Angie Ambler looked around the small ten foot by ten foot cubicle and took in her surroundings. She was seated on a bed that was anchored to the wall and dressed in a bright orange jumpsuit. This was her second day here. As she sat in silence her mind went over the events that had brought her to this place.

As a divorced mother of a grade school aged son Angie had bought a house in another city to begin a new life. She was pleased that she had found what appeared to be an ideal home that was within her budget. Soon after moving in a neighbor had informed her that she did not have a right to use the long road that served four other homes before connecting with driveway that stretched to her new house. She was told that she wasn't going to be allowed to drive to her home on this road. Angie protested saying that there were no other roads that led to her house and the two mile road was too far for her to walk. But the neighbor persisted and the next day Angie went to see the attorney who had closed her purchase.

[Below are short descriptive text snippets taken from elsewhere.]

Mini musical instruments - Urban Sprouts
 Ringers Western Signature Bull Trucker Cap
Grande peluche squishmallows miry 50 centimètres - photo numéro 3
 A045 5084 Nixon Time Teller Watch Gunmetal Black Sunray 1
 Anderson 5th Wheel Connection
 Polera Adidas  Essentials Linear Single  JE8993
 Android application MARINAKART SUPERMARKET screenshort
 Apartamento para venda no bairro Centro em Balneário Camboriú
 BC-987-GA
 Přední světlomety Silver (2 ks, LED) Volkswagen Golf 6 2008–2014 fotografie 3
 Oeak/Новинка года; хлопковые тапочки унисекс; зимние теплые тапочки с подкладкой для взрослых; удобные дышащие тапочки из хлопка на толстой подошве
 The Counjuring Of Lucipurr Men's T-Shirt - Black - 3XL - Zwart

The attorney, Lester Dolittle, advised Angie that he had tacked onto an existing loan policy in order to save her some money and that he had not searched the title to see if she had a legal access. But he added, he felt comfortable because the policy he tacked to didn't have an exception as to access and so her policy didn't either. If she had any more problems she should contact the title company he added.

Angie continued to drive on the road despite her neighbor's protests. One day a deputy sheriff showed up at her door with a set of papers, a motion for injunction to prevent her from using the road. At the court hearing the judge ruled that Angle had no right to use the road since she had not deeded access in her chain of title. Angie set the court order to the side and kept driving on the road. She felt justified as there was no other way for her to get to and from her home and she had to take her son to school and go to work each day. The judge just didn't fully understand she thought.

A little over a week later the deputy sheriff showed up and served another set of papers on her. Again, she had a court hearing and the judge admonished her to abide by her previous ruling or be held in contempt of court.

Angie continued to drive on the road because she had no other choice; she had to get to work, take her son to school and get out to buy food. She felt like the judge was over reacting. But in a matter of days the deputy sheriff was on her doorstep again with more papers. This time at her hearing the judge was very angry at her and ordered her to go to jail for ten days for contempt of court. Angie remembered what her attorney had said and she asked if she could make a call to the title company.

Angie's story is true and underscores the danger in tacking onto lender only title policies, because lender policies often give coverage to a bank that would not be given in an owner's policy. Had her attorney conducted a full title search it would have revealed that the house Angie was buying lacked legal access.